- Supplied information:
=====
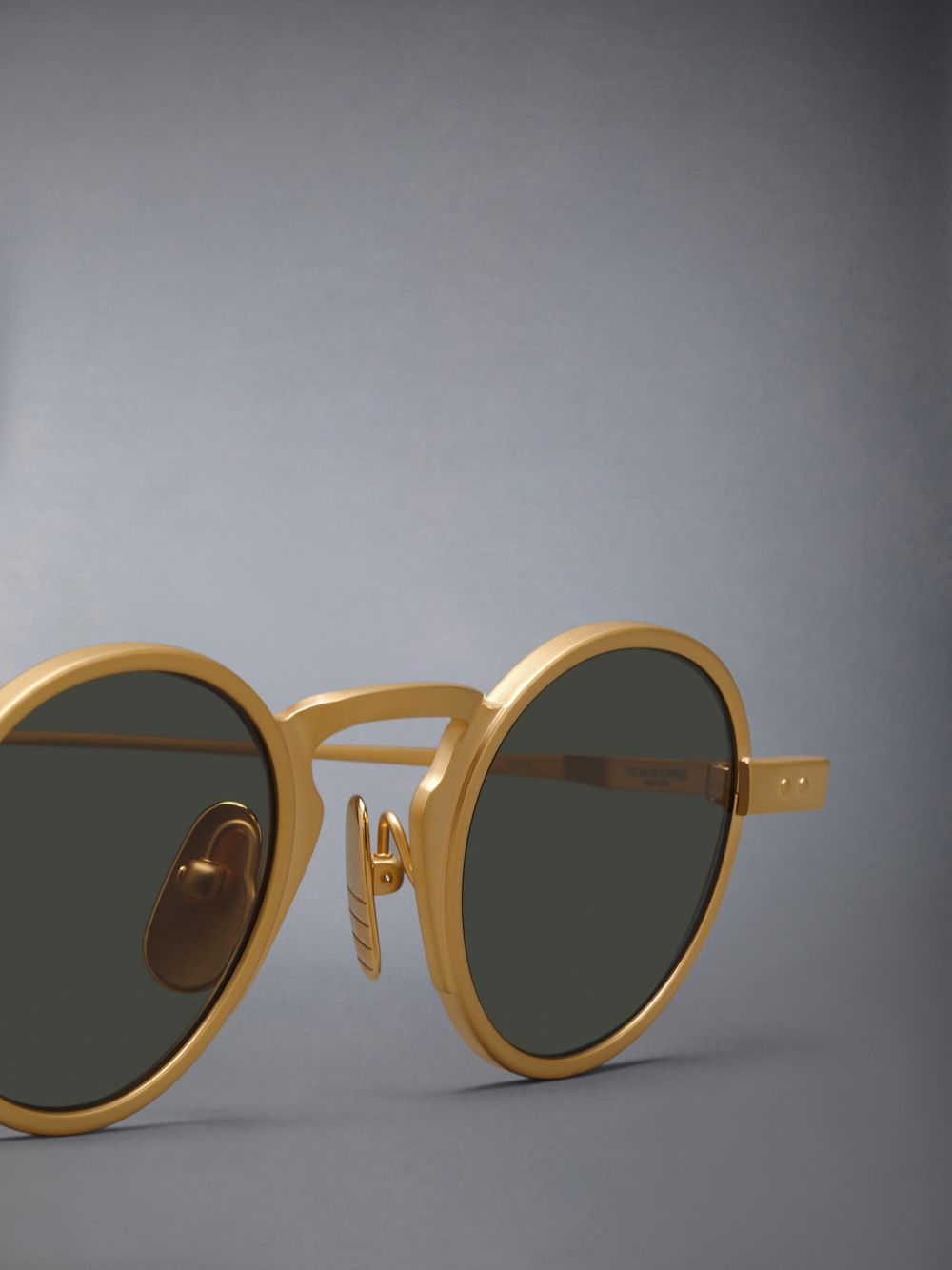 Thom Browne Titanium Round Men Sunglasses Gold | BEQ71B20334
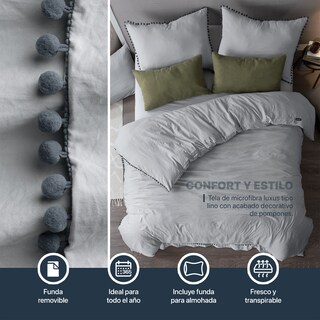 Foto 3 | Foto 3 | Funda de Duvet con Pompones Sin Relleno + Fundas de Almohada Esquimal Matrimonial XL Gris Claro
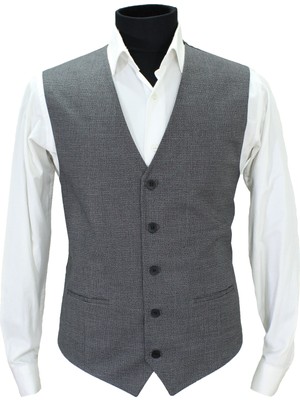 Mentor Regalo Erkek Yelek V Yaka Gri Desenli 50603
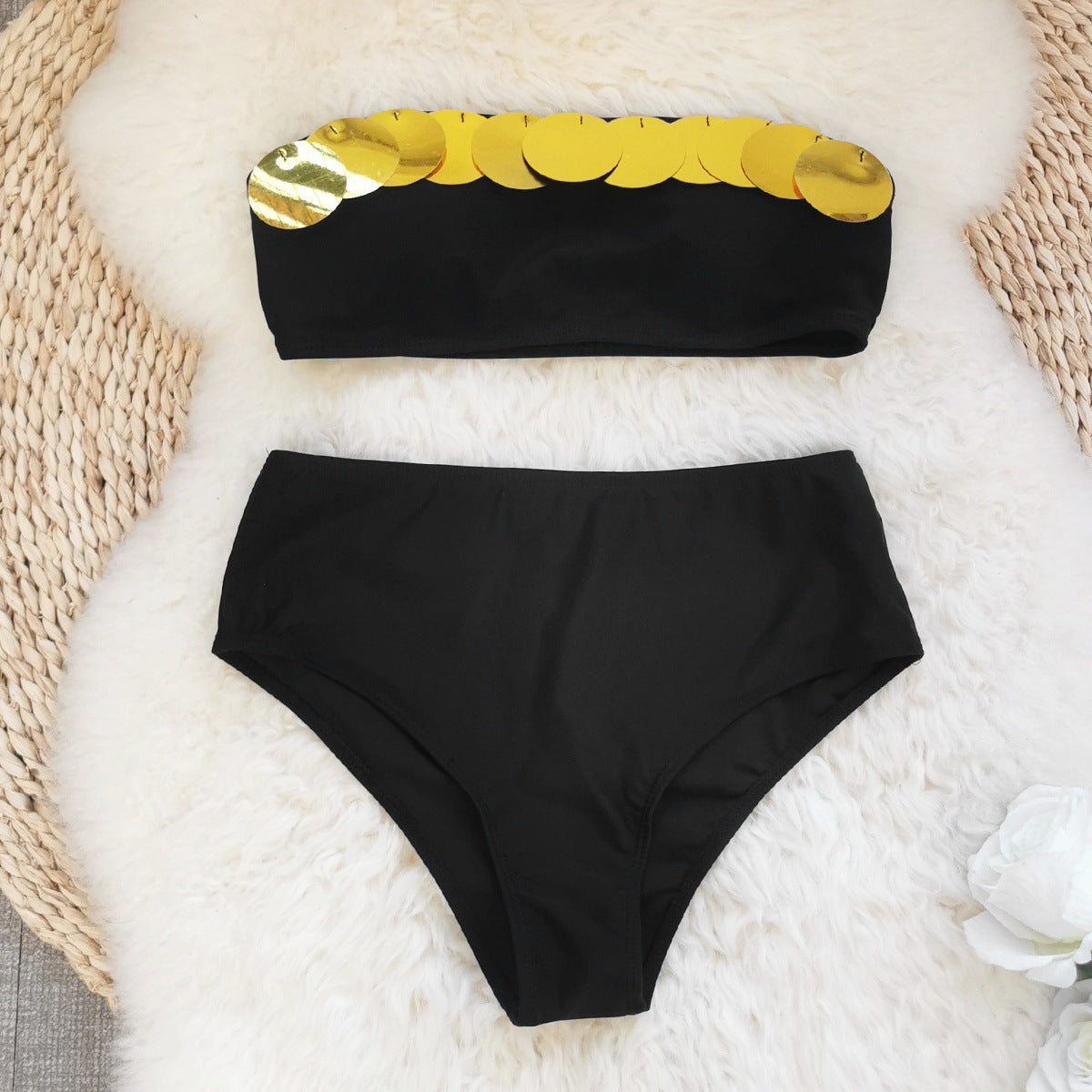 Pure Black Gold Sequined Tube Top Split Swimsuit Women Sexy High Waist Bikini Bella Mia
=====
- Problem statement:
A faithful copy is needed of the lines from the one containing "Foto 3 | Foto" through the last line of the data above, with pictures left out.

- Solution to this problem:
 Foto 3 | Foto 3 | Funda de Duvet con Pompones Sin Relleno + Fundas de Almohada Esquimal Matrimonial XL Gris Claro
 Mentor Regalo Erkek Yelek V Yaka Gri Desenli 50603
 Pure Black Gold Sequined Tube Top Split Swimsuit Women Sexy High Waist Bikini Bella Mia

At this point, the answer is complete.